Extracted entries:
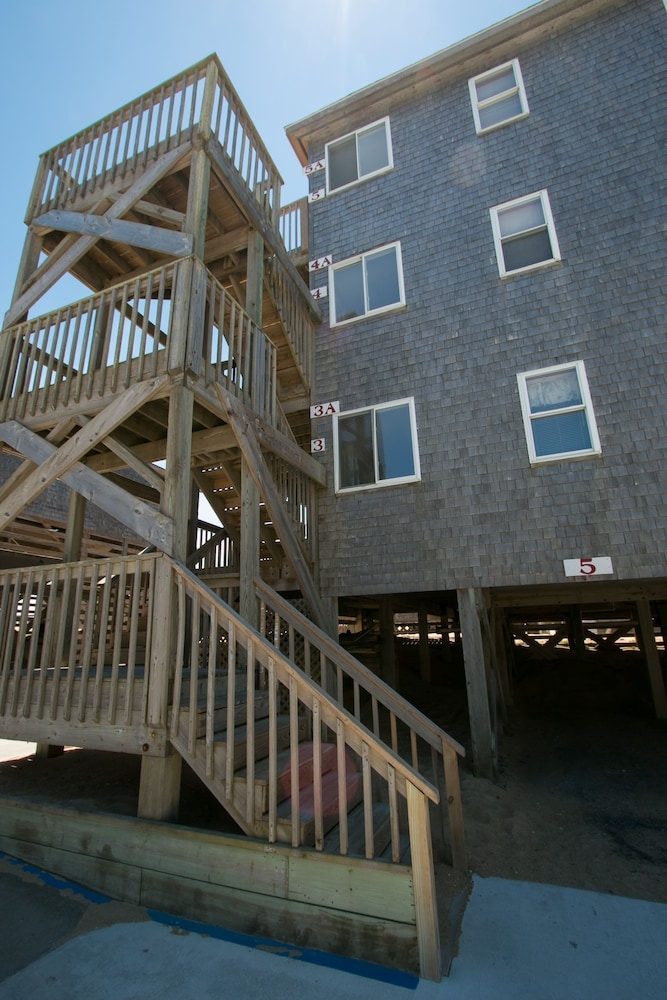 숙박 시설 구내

--

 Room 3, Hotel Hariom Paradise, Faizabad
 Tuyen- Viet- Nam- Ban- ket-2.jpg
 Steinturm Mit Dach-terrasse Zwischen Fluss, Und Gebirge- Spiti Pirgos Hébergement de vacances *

==

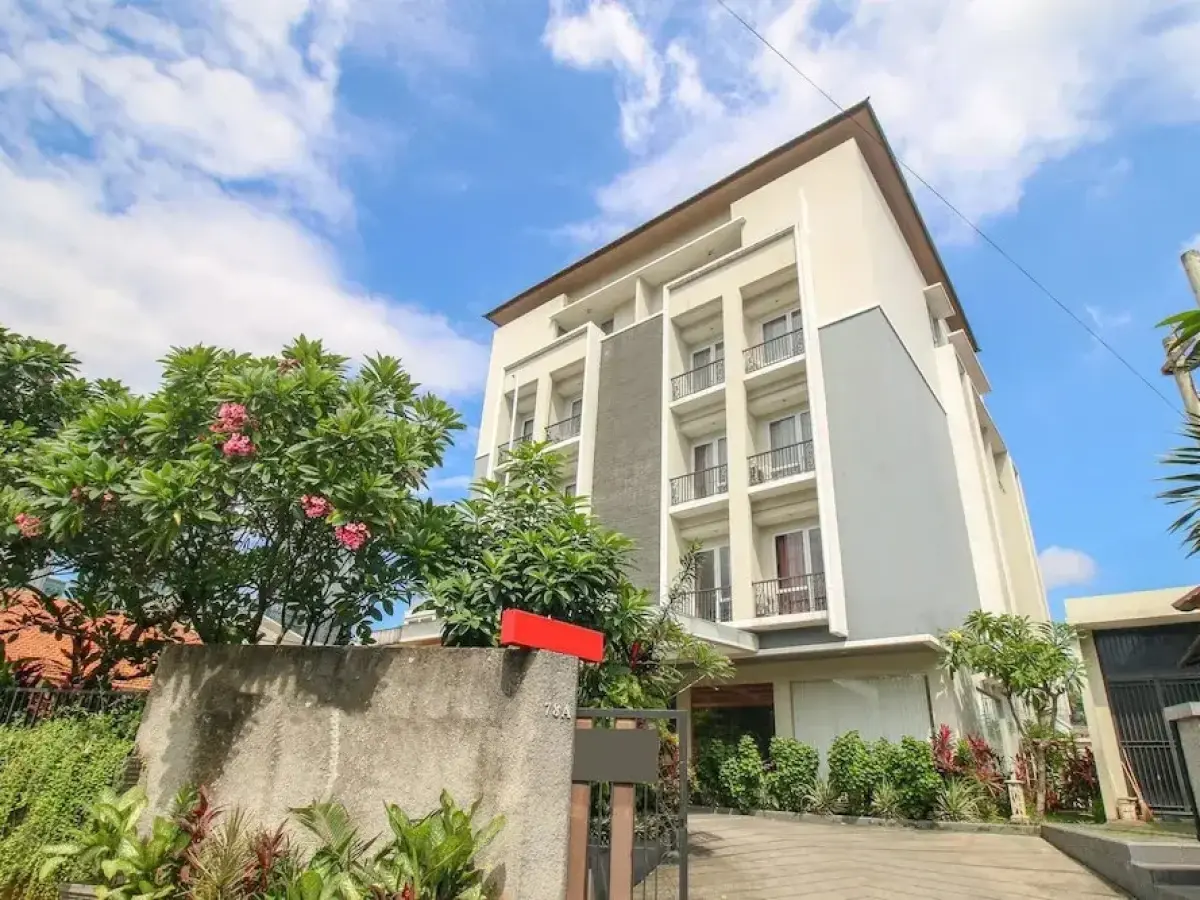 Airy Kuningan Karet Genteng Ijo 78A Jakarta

Task to carry out:
Your task for the entries above: copy exactly the span starting with the line with "Tuyen- Viet- Nam- Ban- ket-2.jpg" and going on through the line with "Steinturm Mit Dach-terrasse", both lines included, and nothing else.

Answer to the exercise:
 Tuyen- Viet- Nam- Ban- ket-2.jpg
 Steinturm Mit Dach-terrasse Zwischen Fluss, Und Gebirge- Spiti Pirgos Hébergement de vacances *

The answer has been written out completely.